1. ## Number of relations

Okay. So I really need to understand how to do this problem, because nowhere does it say anything in my text about finding the number of relations. Thanks.

Let A = {1,2,3,4,5} and B = {w,x,y,z}
How many relations that
(i) contain (1,w)?
(ii) do not contain (5,z)
(iii) contain (1,w) but not (5,z)

2. Originally Posted by jasone
Okay. So I really need to understand how to do this problem, because nowhere does it say anything in my text about finding the number of relations. Thanks.

Let A = {1,2,3,4,5} and B = {w,x,y,z}
How many relations that
(i) contain (1,w)?
(ii) do not contain (5,z)
(iii) contain (1,w) but not (5,z)
are there any restrictions on our relations? do they have to be functions? etc

3. That's all the question said.

I can see that some of the relations from A to B are the empty set, {(1,w)}, {(1,x)}, {(1,w), (1,x)}, {(2,w), (3,z), (5,x)}, and A x B, for example.

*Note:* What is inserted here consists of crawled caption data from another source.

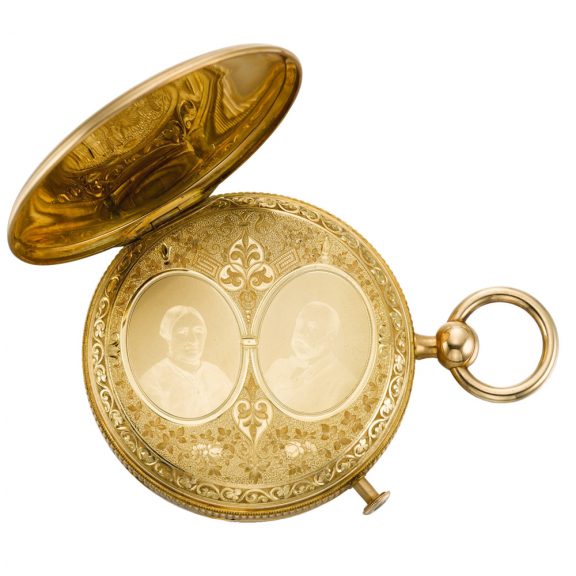 French lever perpetual à toc watch with wind indication Circa 1820 French lever perpetual à toc watch with wind indication Circa 1820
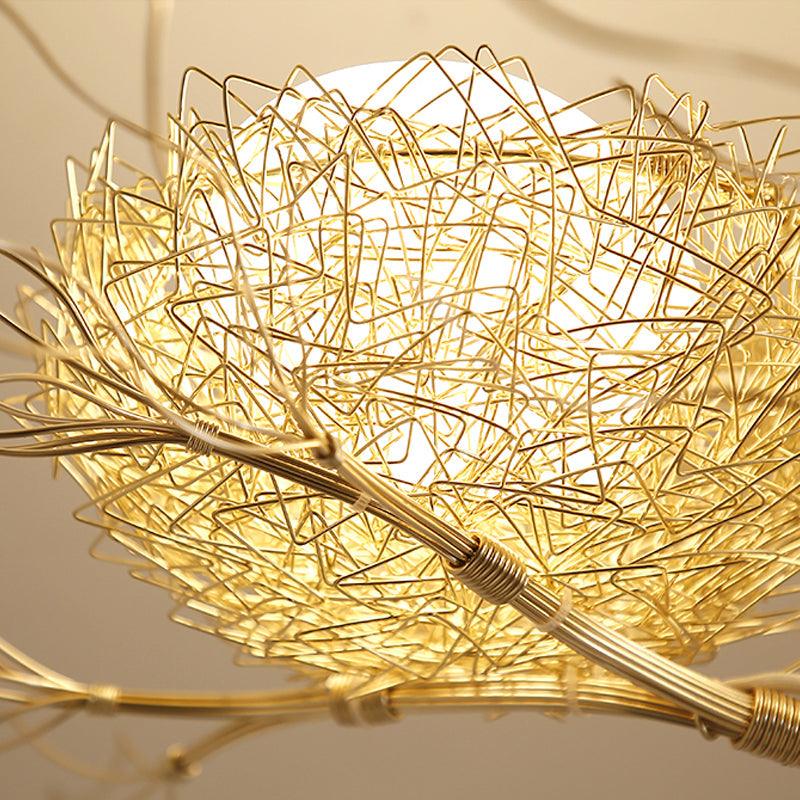 Rustic Bird Egg Shaped Ceiling Chandelier 3 Lights Golden Light - Rebooters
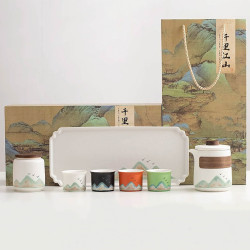 國潮功夫旅行茶具套裝周年慶千里江山一壺四杯快客開業商務伴手禮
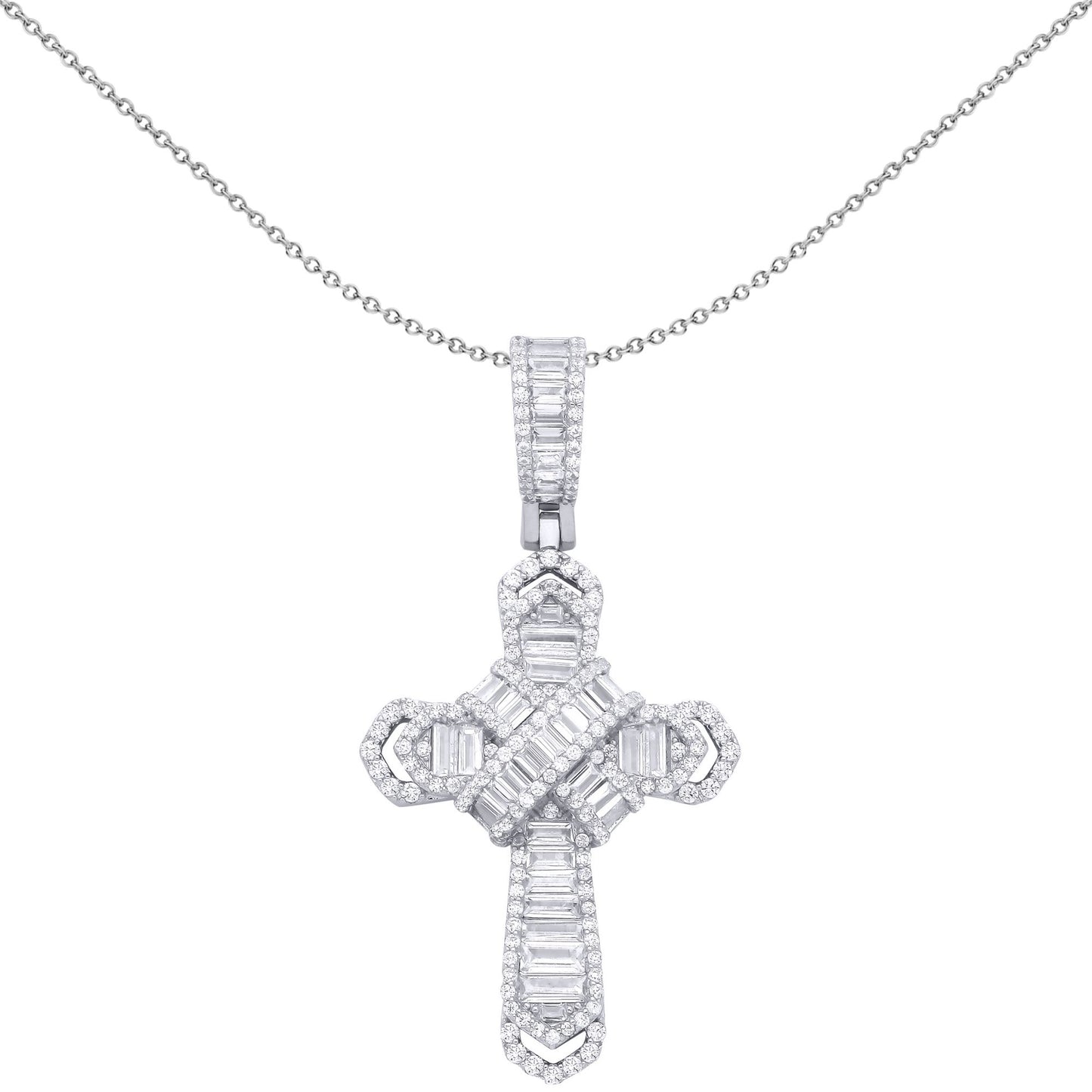 Silver  Baguette CZ Bandolier Chevron Cross Pendant Necklace - GVX104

A x B = {(1,w), (1,x), (1,y), (1,z), (2,w), (2,x), (2,y), (2,z), (3,w), ... , (5,y), (5,z)}

But how do I count all of the relations that have (1,w), for instance?

4. Originally Posted by jasone
That's all the question said.

I can see that some of the relations from A to B are the empty set, {(1,w)}, {(1,x)}, {(1,w), (1,x)}, {(2,w), (3,z), (5,x)}, and A x B, for example.

A x B = {(1,w), (1,x), (1,y), (1,z), (2,w), (2,x), (2,y), (2,z), (3,w), ... , (5,y), (5,z)}

But how do I count all of the relations that have (1,w), for instance?
note that |A x B| = 5(4) = 20

so lets say we want relations with (1,w), how can we find all of them?

well, one is {(1,w)}

then we can make one with (1,w) and 1 of the other elements, then one with (1, w) and 2 of the other elements, then one with (1,w) and 3 of the other elements, ...., and finally one with (1,w) and all of the other 19 elements.

how would you count all of those?

5. I got the series 1 (being {(1,w)}) + 19 (choices for a 2nd element) + 19C2 (2 other choices) + 19C3 + ... + 19C17 + 19 + 1
So the finite sum (from i=0 to n=19) nCi would get the answer?

Or in other words, 2^19 = 524288. Is that right?

And for part (ii), I tried 1 (being the empty set) + 19 (choices for one element) + 19C2 + ... + 19C17 + 19 + 1 (all 19 elements).

In other words, again, 2^19. Same answer. Is that right?

And for part (iii), 1 + 18 + 18C2 etc for an answer of 2^18.

Did I do all of this correctly?

6. Originally Posted by jasone
Okay. So I really need to understand how to do this problem, because nowhere does it say anything in my text about finding the number of relations.
Let A = {1,2,3,4,5} and B = {w,x,y,z}, How many relations that
(i) contain (1,w)?
(ii) do not contain (5,z)
(iii) contain (1,w) but not (5,z)
This problem always affords such a wonderful teaching opportunity. I cannot resist.

As already noted, there are a total of $2^{20}$ possible relations from A to B.
These are often called binary relations. This problem in part shows why.
Any one of the relations either contains the pair (1,w) or it does not. Think binary.
So half of the total number of relations contains the pair and half do not.
Half of $2^{20}$ is $2^{19}$. That answers both (i) & (ii).
Half of the relations containing (1,w) also contain (5,z), half do not.
Again, half of $2^{19}$ is $2^{18}$.
Note that $2^{18}$ is one fourth of $2^{20}$.